Mikołaj Przybył
Mikołaj Przybył – polski pułkownik i prokurator, któremu coś do głowy strzeliło. Jedyny na świecie samobójca, który w dwa dni po zamachu na swoje życie zwołał konferencję prasową i opowiedział, jak to jest się zastrzelić.
W dniu 9 stycznia 2012 roku, pułkownik Przybył zastrzelił się nie na śmierć, po uprzednim przerwaniu konferencji prasowej i wygonieniu dziennikarzy z pokoju. Zastrzeleniu się na śmierć przeszkodził mu jakiś facet od kabli – jest on obecnie poszukiwany, a jego agenturalna przeszłość dokładnie badana. W sprawie istotną rolę odegrało również okno, które niestety zostało otwarte i nic nie widziało. Po zamachu dziennikarze nie byli co prawda w stanie udzielić zatrzelonemu pierwszej pomocy, za to szybko chwycili za komórki, dzwoniąc do swoich redakcji, że mają super newsa!

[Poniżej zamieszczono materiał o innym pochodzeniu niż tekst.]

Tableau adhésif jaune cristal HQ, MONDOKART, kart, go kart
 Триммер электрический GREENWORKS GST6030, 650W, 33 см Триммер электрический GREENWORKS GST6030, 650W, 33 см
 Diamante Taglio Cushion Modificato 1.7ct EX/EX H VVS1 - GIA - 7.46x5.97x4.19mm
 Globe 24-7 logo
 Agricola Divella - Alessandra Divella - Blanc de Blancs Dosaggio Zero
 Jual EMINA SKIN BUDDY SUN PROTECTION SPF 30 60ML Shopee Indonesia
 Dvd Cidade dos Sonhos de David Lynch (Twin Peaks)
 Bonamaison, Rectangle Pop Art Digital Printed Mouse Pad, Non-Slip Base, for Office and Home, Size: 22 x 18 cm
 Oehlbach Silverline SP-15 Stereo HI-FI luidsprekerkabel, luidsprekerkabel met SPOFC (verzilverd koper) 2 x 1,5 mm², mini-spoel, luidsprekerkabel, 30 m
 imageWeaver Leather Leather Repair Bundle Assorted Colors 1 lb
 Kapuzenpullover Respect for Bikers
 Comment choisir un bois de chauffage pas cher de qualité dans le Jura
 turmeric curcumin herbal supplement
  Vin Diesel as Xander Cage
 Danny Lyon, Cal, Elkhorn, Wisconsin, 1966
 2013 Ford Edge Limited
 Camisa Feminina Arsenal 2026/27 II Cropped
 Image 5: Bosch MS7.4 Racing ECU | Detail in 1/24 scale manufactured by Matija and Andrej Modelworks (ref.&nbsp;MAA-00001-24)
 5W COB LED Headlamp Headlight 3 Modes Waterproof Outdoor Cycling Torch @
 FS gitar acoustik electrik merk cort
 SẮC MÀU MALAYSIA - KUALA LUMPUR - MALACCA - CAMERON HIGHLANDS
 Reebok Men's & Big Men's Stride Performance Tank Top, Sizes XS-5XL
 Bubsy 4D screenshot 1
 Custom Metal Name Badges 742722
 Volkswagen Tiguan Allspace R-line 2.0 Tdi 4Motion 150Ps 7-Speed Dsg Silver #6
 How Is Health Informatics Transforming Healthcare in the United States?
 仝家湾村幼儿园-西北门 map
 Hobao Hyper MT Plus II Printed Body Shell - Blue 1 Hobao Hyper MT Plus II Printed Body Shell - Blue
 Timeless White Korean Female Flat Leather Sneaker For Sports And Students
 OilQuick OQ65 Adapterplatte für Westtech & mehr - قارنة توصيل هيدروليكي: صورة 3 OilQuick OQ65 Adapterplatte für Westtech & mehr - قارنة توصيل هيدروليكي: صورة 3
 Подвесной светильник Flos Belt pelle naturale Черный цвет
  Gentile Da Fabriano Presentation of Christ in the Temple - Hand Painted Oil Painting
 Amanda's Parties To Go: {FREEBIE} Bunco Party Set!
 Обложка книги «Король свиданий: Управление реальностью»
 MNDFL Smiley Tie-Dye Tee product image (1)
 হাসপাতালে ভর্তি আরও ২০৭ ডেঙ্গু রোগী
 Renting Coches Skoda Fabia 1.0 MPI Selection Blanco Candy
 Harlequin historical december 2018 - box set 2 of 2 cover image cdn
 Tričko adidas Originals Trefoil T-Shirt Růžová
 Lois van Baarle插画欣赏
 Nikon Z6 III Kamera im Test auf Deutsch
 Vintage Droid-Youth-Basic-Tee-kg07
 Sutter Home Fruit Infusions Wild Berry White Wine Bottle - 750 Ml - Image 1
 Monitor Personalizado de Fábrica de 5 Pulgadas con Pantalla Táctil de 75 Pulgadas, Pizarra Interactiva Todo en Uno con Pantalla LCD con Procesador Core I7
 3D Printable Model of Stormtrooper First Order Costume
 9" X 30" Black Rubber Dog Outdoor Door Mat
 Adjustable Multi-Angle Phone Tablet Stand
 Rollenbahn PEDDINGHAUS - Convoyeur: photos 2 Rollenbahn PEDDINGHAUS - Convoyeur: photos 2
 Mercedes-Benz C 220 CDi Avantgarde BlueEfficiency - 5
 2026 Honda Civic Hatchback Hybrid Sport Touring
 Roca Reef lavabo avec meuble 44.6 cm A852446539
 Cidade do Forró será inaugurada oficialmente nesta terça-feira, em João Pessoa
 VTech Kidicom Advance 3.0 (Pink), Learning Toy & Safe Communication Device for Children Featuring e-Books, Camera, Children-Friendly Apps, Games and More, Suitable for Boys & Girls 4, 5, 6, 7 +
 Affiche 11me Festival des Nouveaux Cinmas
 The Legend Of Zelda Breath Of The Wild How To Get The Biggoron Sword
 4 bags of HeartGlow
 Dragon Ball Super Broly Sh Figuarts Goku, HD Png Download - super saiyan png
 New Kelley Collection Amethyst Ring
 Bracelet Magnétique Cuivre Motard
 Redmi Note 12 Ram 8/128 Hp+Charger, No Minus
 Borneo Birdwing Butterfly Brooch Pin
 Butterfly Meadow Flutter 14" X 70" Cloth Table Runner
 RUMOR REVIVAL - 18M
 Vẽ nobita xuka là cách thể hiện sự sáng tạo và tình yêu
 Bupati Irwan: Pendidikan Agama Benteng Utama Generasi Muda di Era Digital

Nie do końca jasne i znane są motywy postępowania płk. Przybyła. Istnieje hipoteza, że pułkownik jest dżakasem, tudzież zagorzałym jutubystą, starającym się o 10.000 wejść. Sam poszkodowany nie udziela informacji o swoim stanie zdrowia nikomu poza Faktem, Super Expressem, TVN-em, TOK FM-em, Radiem Zet oraz Polską Agencją Prasową. Przy okazji obala tezę o światełku w tunelu oraz świetlistym aniele.